The BLOM Lebanon Purchasing Managers’ Index (PMI) rose from 46.2 in October 2018 to 46.7 in November 2018, on account of slower declines in output and new orders since February. Accordingly, the implied GDP-growth would still stand at 1%, a rate likely to be the growth for the full year 2018.
Fiscal pressure remains a major unaddressed vulnerability. Out of the government’s primary expenditures, which reached $4.17B in the period Jan-April 2018, EDL transfers represented a share of 12.5% of the total compared to a share of 11.8% by April 2017. According to the Ministry of Finance, transfers to EDL, the state-owned electricity company, rose by an annual 44% to reach $521.73M by April 2018. It is worth mentioning that this year an amount of $12.67M was paid as “Transfers to Electricity Syria”.
Lebanon’s Gross Public Debt is still assuming an upward trajectory. According to the Ministry of Finance (MoF), Lebanon’s gross public debt reached $83.84B by Q3 2018, inching up by a yearly 7.28% over the period, owing to increases in both, local and foreign currency debt. Accordingly, the debt to GDP ratio now stands at 148%. In details, local currency debt (denominated in LBP) grasped a stake of 57.76% of total gross debt and recorded an annual 0.21% uptick to stand at $48.43B by Sept. 2018. Meanwhile, foreign currency debt rose by a yearly 18.74% to settle at $35.41B, equivalent to 42.24% of Lebanon’s gross debt.

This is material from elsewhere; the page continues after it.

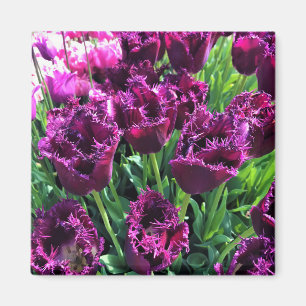 Curly Sue Lila Tulips, Oregon Magnet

Inflation is still rising due to higher energy prices. According to the Central Administration of Statistics (CAS), consumer prices in Lebanon grew by 6.31% in the first 10 months of 2018 since the average Consumer Price Index (CPI) reached 106.28 by October 2018. In details, the average costs of “Housing and utilities” (water, electricity, gas and other fuels) constituting a combined 28.4% of the CPI, rose by 7.08% year-on-year (y-o-y) by October 2018. In turn, the average prices for “Food and non-alcoholic beverages”(constituting 20% of the CPI) and “Transportation” ( grasping 13.1% of the CPI), registered yearly upticks of 4.90% and 8.81% by October 2018.
The deficit in the balance of payments widened by October 2018. According to the Central Bank of Lebanon, the balance of payments recorded a deficit of $3.12B by October compared to a deficit of $1B by the same period last year. In fact, the NFAs of the Central Bank increased by $1.19B and the NFAs of commercial banks slid by $4.32B over the same period. However, when we adopt the IMF’s way of computing the Balance of Payments (BOP) by not including the Eurobonds held by BDL into its foreign assets, the BOP deficit becomes $5.62B by October 2018.
Amidst these tough operating conditions, banks are still counting on their loyal depositor base. According to the Central Bank of Lebanon, resident customers’ deposits witnessed an increase of 1.04% y-t-d to reach $134.62B by October 2018. Non-resident customers’ deposits also witnessed an increase of 6.64% since the beginning of the year to $37.49B .this was mainly due to the increase in both, deposits in foreign currencies and in LBP by 6.68% and 6.33% respectively to $32.95B and $4.54B respectively.